Solution to Riddle of the Week: The Pirates and Their Booty
Difficulty level: Hard
By Jay Bennett
An initial assumption that many people make is that Pirate A will need to give himself fewer coins to avoid being voted off and tossed overboard so the others can split the money between fewer people. However, because the greedy pirates don't trust each other to make any deals beyond the set rules, Pirate A can actually take the lion's share of the coins and leave the others with hardly any at all.
SOLUTION
Pirate A should give 1 coin to Pirate C, 1 coin to Pirate E, and keep 98 coins for himself. If he does, Pirates C and E will vote along with him because they know they both will end up with nothing if they don't. The coins will be distributed like this: A:98, B:0, C:1, D:0, E:1.
Let's work through this backwards. Imagine that the only two pirates left are Pirate D and Pirate E. Pirate D will keep all 100 coins for himself because his vote will give him the 50 percent he needs. Distribution: D: 100, E:0.
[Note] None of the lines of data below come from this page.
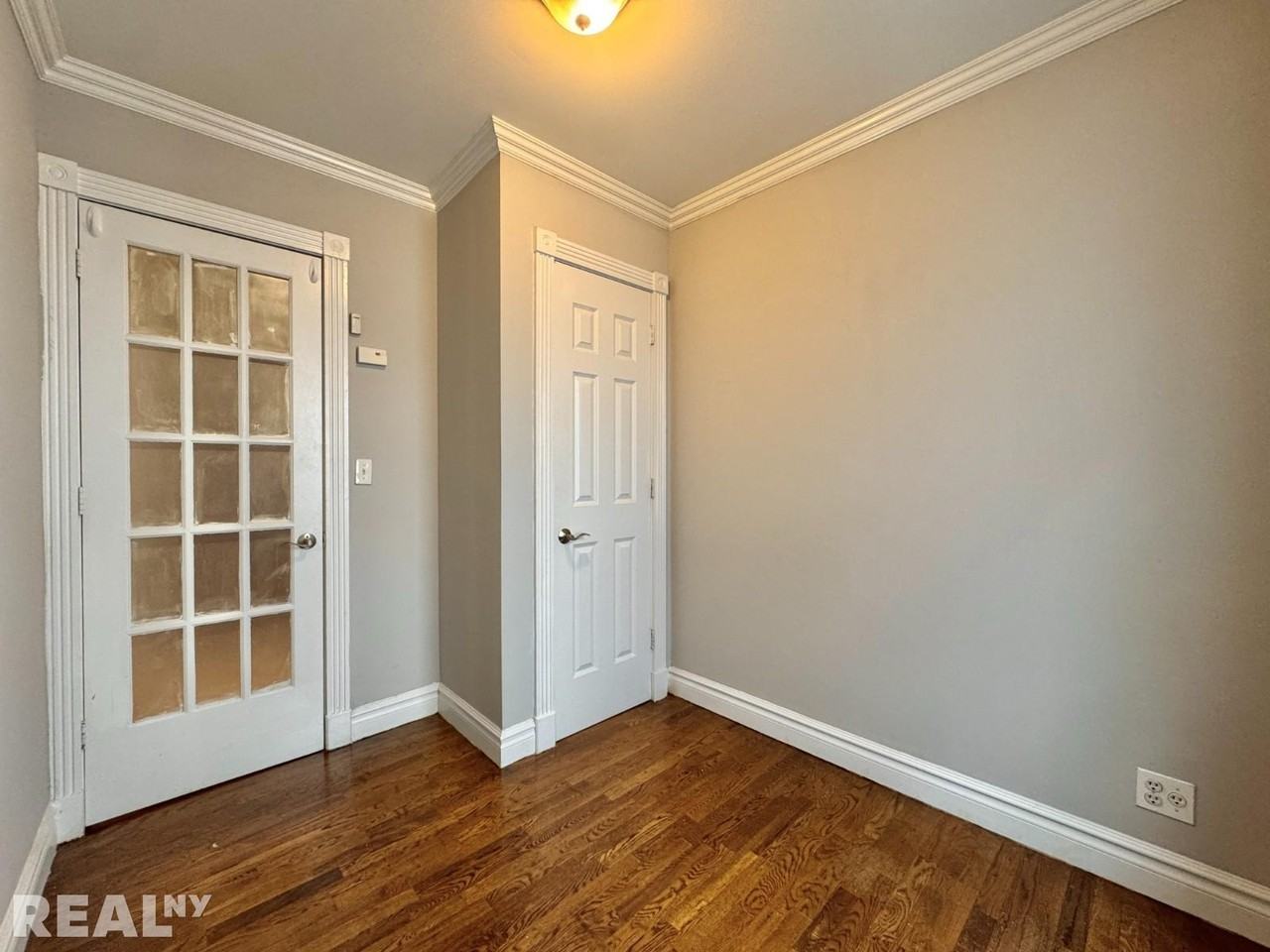 E 13th St #5D - Photo 5 of 10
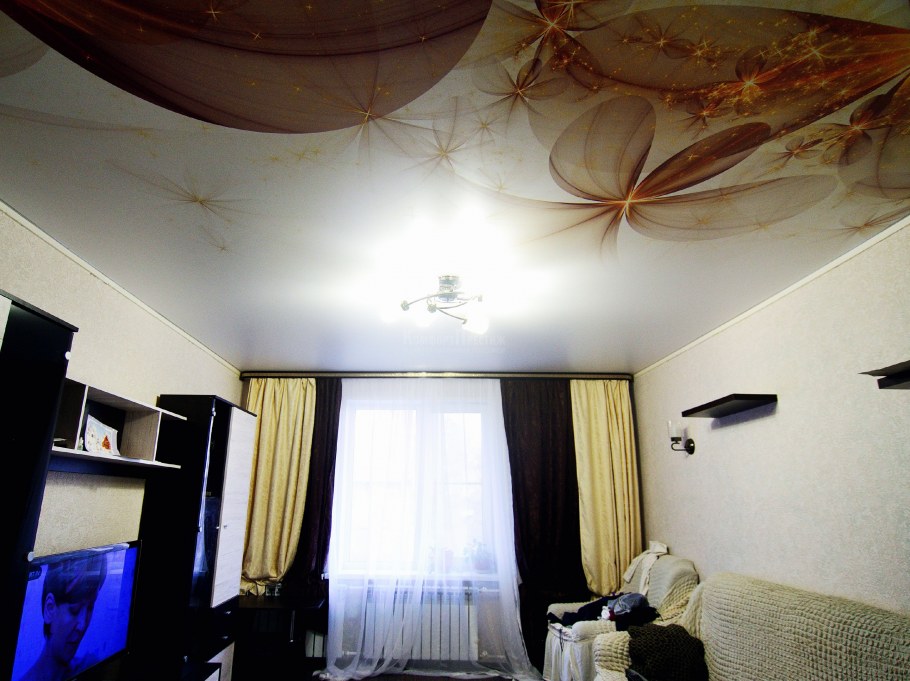 Натяжные потолки белого цвета глянец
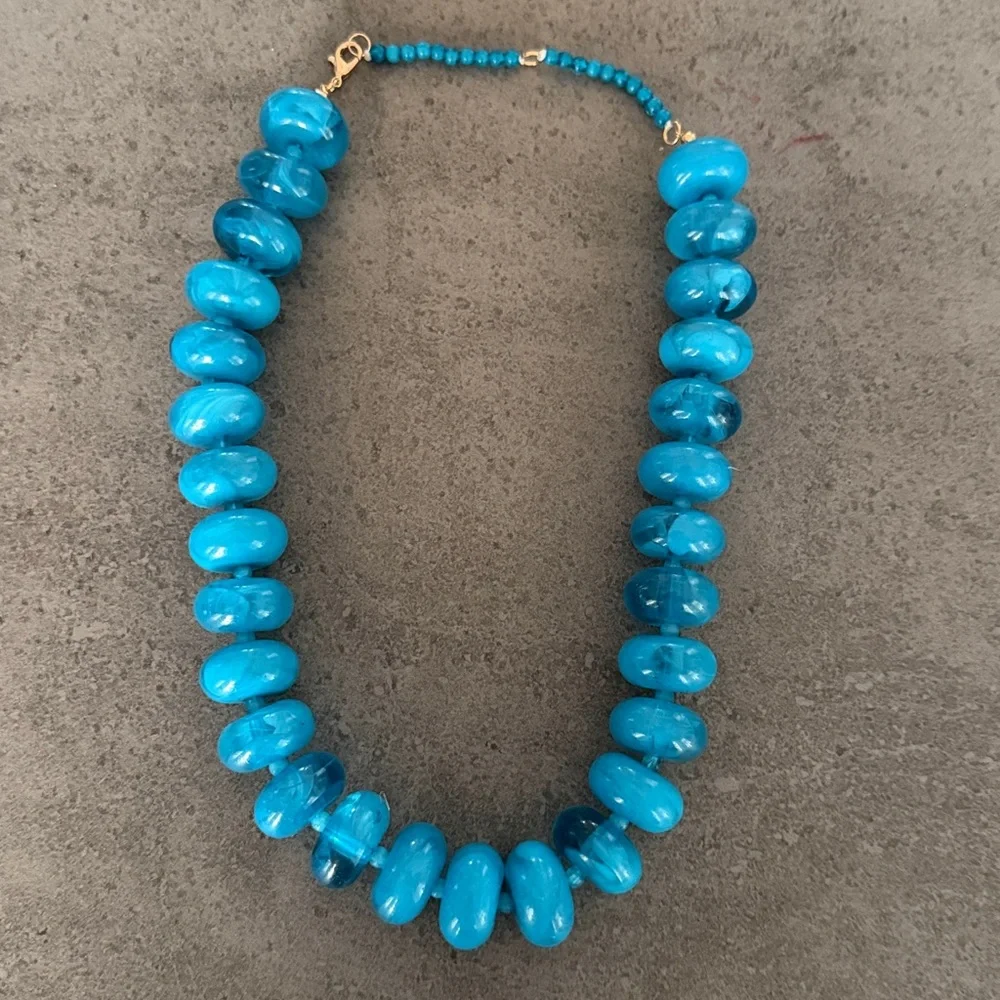 Oversized Beachy Necklace - Picture 3 of 5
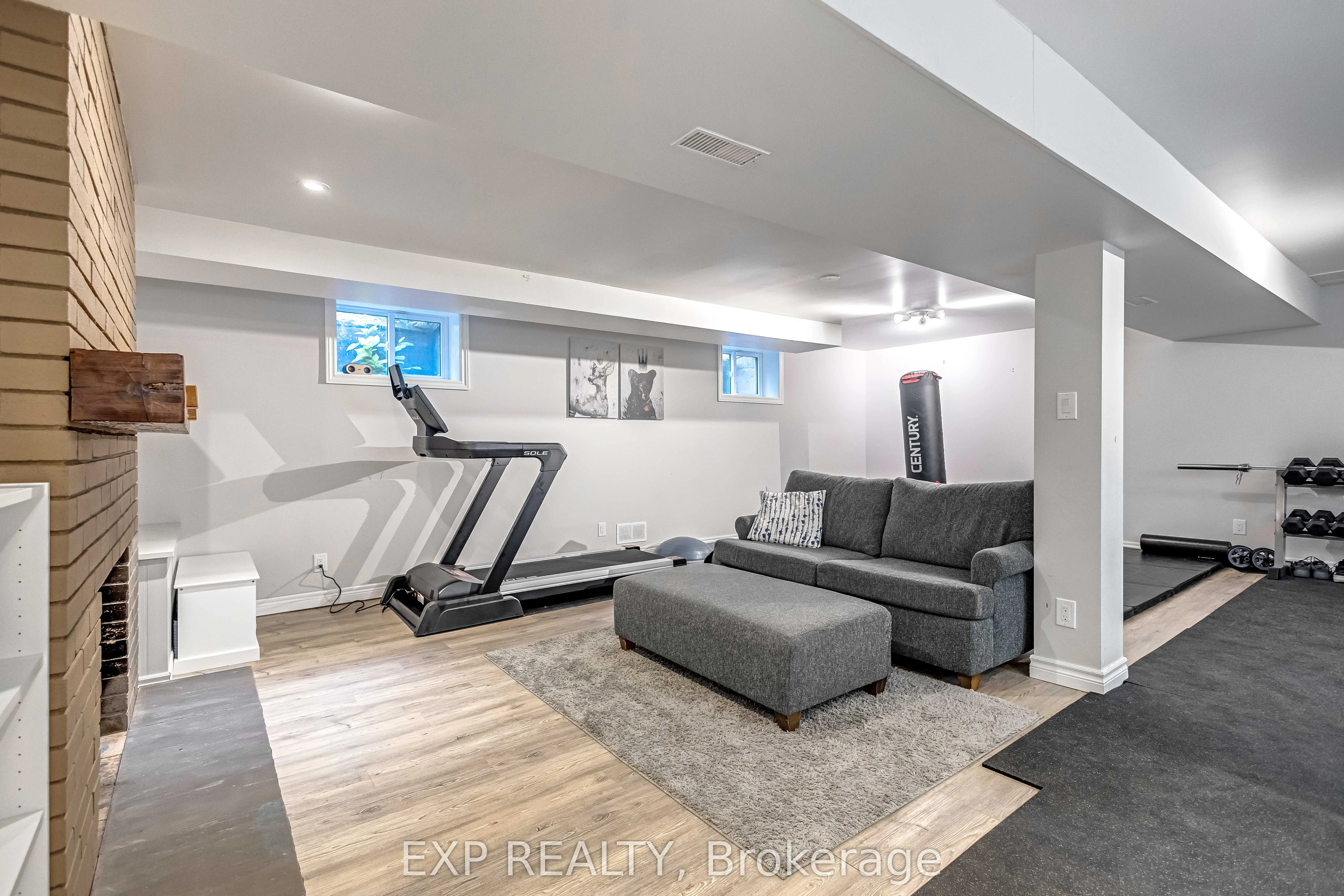 5585 Belmont Avenue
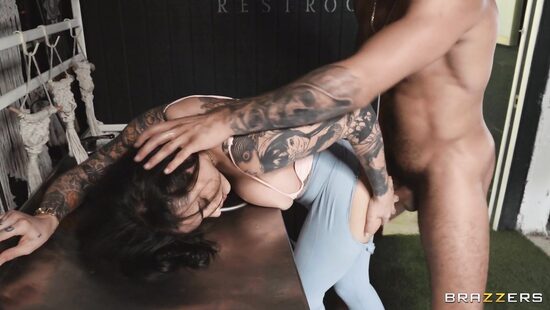 Привлекая анальное внимание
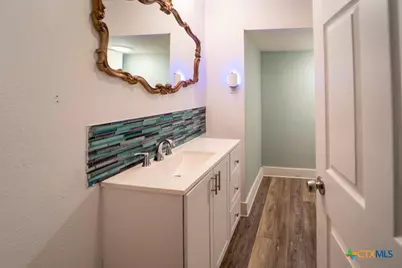 1006 W North Street, Victoria, TX 77901 - Photo 8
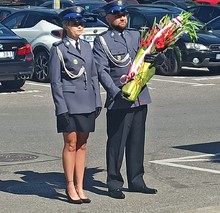 Policjanci KPPL Warszawa Okęcie składający kwiaty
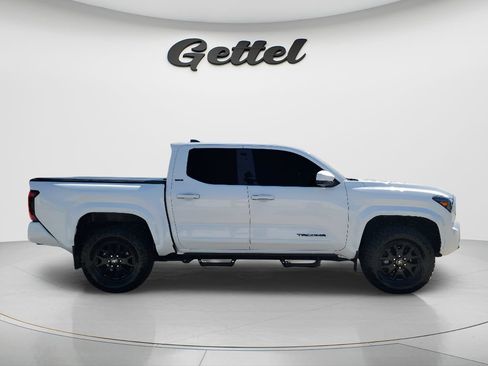 Certified 2024 Toyota Tacoma SR5 AWD/4WD image 3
Now let's imagine that Pirates C, D and E are divvying up the coins. Pirate C will give 1 coin to Pirate E and none to Pirate D. Pirate E will vote along with Pirate C because he knows if they toss C overboard, D will give him nothing. Distribution: C:99, D:0, E:1.
With four pirates, Pirate B will give 1 coin to Pirate D, and Pirate D will vote along with him because he knows that if they throw B overboard, C will give him nothing. Pirate B and D together give the proposal the 50 percent vote it needs to pass. You might think that Pirate B could give 1 coin to Pirate E instead because E knows he cannot get any more coins, but Pirate E will vote to toss B overboard just for the fun of it if he knows his coins will be the same from Pirate C. Distribution: B:99, C:0, D:1, E:0.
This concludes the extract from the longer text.